Richard Ginika Izuora
Minister of the Environment Mohammed Abdullahi has made a passionate appeal to the G7 countries to include Nigeria in a climate partnership list for the co-creation of a just energy transition partnership (JETP), as the country seeks to financing to hit its net zero by 2060 target.
Speaking at the COP-27 UN climate conference in Sharm el-Sheikh, Abdullahi reiterated that to meet its emissions reductions targets, Nigeria needed “significant resources” to implement its energy transition plan (ETP) unveiled last year.
The plan intends to reduce greenhouse gas (GHG) emissions from the power, cooking, oil and gas as well as transport and industry sectors, accounting for 65 per cent of the country’s total emissions.
According to its own calculations, Nigeria would need an additional total of $410bn, or around $10bn in annual spending, in order to meet the 2060 net zero target, funds the country seeks to secure at the COP-27 summit.
Most of the funds will be needed to transform the power sector, driven by costs to reach about 220GW of solar, biomass and hydro generation capacity, 90GW of storage capacity and 34GW of hydrogen systems.
At the same time, the country’s ETP puts an important transitional role on gas use in domestic sectors such as power generation, grid stabilisation for the integration of renewables and for cooking purposes.

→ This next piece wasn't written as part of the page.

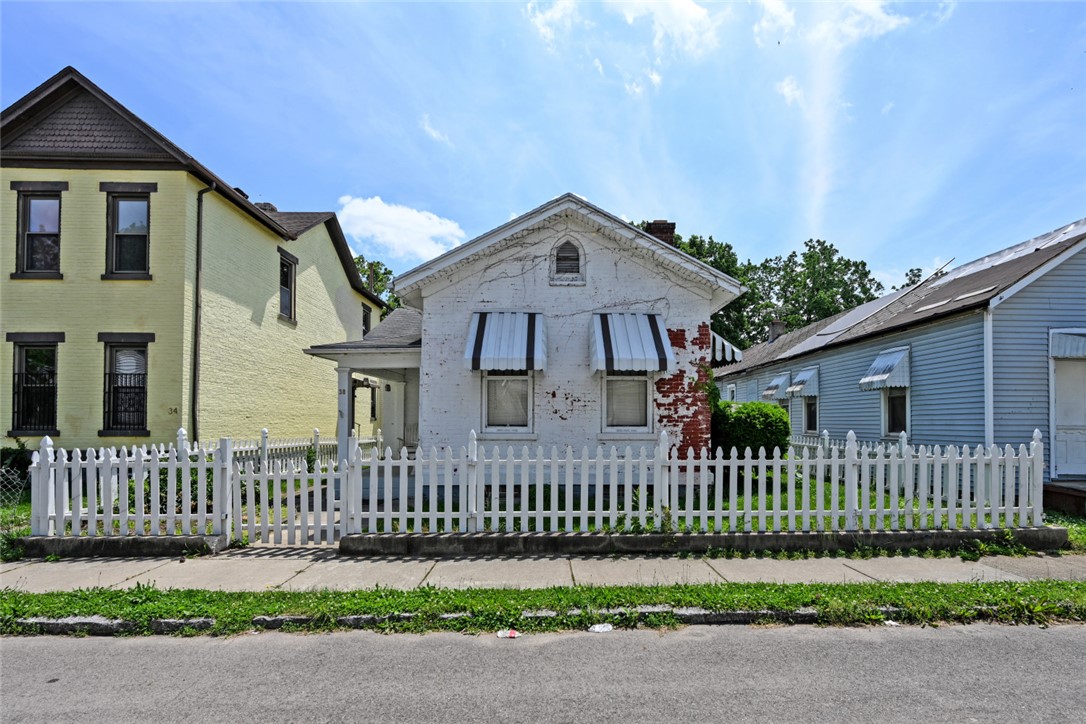 38 Neal Avenue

The plan predicts gas production expansion costs between 2020-2030s to reach around $4bn, when it also expects domestic demand to rise by 25pc above 2019 levels.
Domestic demand will decline after 2030 but further estimates show that export demand will remain significant until 2050, which has made the “commercialisation” of gas a priority for the government, according to its ETP.
Nigeria’s call for a G7 partnership comes after Indonesia agreed a JETP plan for $10bn with the US and Japan, to help the country bring forward its carbon reduction targets by largely phasing out its dependence on coal.
South Africa signed a similar agreement with Germany and France last year to help fund its energy transition and phase out coal-fired power generation, although the country warned this week that most of the funding is made of loans.